For long periods of our hike, a high pressure system sat over Nevada churning the winds northward in Central Valley. Consequently, smoke from the Rough Fire made it our way. There were also some controlled burns ongoing in Yosemite as well. Years later, we can feel fortunate about these controlled burns. As for the Rough Fire, it would be first of many major fires that would impact our hikes.

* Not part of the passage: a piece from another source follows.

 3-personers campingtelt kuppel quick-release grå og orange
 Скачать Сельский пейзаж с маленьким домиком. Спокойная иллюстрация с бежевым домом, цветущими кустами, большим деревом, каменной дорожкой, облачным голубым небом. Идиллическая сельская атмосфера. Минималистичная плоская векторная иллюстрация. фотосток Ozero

There are some trade offs hiking this route in September. The major pluses are the ample swimming opportunities, mosquito free, beautiful isolation, and the sub-alpine was in bloom. The sages, California rose, buckwheats, aspens and junipers were delightful. The trade off was that the waterfalls were mostly depleted. But all things considered, the 5 big waterfalls along the Tuolumne are within a day-hike of Tuolumne Meadows. I’d also noted that one day I’d like to encounter the Muir Gorge in it’s full furry that September doesn’t offer. All and all, I would recommend doing this hike in September.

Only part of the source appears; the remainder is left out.